Budget impact analysis of dabigatran compared with rivaroxaban in the prevention of the thromboembolic risk in patients with non-valvular atrial fibrillation

2017 
BACKGROUND: Dabigatran 150 mg BID (D150) and rivaroxaban 20 mg (R20) are indicated for the prevention of thromboembolic events in patients with Non-Valvular Atrial Fibrillation (NVAF). Outcomes from observational study demonstrated that D150 and R20 reduced the rate of thromboembolic events. OBJECTIVE: This analysis estimated the budget impact of the use of D150 and R20 for the treatment of NAFV patients in Italy. METHODS: A budget-impact model (BIM) was developed to estimate the direct costs up to 12 months from an Italian NHS perspective. The resource utilization (drugs and intracranial hemorrhage or major extracranial bleeding event) was derived from an observational study.
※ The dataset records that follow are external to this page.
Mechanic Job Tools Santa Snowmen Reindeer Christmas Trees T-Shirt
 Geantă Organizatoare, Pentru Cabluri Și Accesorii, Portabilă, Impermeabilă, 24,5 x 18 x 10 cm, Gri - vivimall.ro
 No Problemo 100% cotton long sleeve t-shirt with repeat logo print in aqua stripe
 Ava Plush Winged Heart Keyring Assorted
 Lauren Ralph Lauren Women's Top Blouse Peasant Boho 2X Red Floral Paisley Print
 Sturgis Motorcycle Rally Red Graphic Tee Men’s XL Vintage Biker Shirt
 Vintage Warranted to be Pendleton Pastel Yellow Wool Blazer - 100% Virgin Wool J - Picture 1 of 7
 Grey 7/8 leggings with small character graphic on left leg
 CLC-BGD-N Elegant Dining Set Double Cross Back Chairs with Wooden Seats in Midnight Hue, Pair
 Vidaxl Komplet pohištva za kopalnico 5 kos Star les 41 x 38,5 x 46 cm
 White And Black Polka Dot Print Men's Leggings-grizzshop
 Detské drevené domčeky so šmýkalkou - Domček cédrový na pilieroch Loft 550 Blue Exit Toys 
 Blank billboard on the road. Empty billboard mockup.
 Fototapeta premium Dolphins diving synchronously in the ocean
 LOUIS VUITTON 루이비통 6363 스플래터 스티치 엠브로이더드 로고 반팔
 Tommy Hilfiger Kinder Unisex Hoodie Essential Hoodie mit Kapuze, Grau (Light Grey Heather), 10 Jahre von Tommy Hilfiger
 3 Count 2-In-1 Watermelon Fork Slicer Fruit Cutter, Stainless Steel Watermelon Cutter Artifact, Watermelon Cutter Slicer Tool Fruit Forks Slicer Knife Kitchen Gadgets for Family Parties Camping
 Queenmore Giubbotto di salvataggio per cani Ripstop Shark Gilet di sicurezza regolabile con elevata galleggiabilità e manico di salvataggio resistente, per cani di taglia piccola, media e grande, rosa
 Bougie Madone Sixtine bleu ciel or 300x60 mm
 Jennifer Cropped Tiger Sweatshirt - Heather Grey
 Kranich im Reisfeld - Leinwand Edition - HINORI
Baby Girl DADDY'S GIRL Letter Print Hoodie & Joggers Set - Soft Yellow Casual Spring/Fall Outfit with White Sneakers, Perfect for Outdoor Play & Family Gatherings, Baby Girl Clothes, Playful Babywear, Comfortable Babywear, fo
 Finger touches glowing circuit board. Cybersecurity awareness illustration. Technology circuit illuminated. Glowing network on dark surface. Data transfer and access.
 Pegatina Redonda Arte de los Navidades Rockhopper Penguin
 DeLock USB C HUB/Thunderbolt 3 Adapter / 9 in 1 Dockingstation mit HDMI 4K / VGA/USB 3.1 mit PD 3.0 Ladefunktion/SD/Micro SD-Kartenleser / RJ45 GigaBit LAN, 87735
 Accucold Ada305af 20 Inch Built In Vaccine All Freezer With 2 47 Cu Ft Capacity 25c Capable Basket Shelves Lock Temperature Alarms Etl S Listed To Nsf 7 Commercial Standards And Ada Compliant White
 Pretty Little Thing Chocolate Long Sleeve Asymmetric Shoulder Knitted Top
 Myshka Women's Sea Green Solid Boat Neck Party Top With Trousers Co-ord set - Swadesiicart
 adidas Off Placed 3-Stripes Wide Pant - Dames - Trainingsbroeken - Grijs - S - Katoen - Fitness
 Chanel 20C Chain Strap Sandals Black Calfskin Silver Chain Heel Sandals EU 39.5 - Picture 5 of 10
Only direct medical costs were considered. Ex-factory prices and National Tariffs were considered to estimate the costs of drugs and medical resource used, respectively. The BIM showed the difference of expenditure and clinical events (intracranial hemorrhage or major extracranial bleeding) generated by the base case calculated for current prescription volumes (D150 30%, R20 100%), and for different prescription volume scenarios (D150 at 70% and 100%). Key variables were tested in the sensitivity analysis. RESULTS: D150 was associated with a medical cost offset driven by fewer intracranial hemorrhage and major extracranial bleeding event, these offset the incremental drug cost and results in an annual saving per patient treated (D150: € 1,052.78; R20: € 1,161.23). The present scenario determines an annual cost of € 262,543,583. The impact of total annual costs for the Italian NHS would be lower if D150 prescription volumes would be higher. The total cost is predicted to decrease by 3.8% if the D150 prescription increase to 70% and it is predicted to decrease by 6.7% if the D150 prescription increase to 100%. CONCLUSION: The use of D150, as an alternative to R20 to prevent events in patients with NVAF, could represent a cost-saving option for the Italian NHS.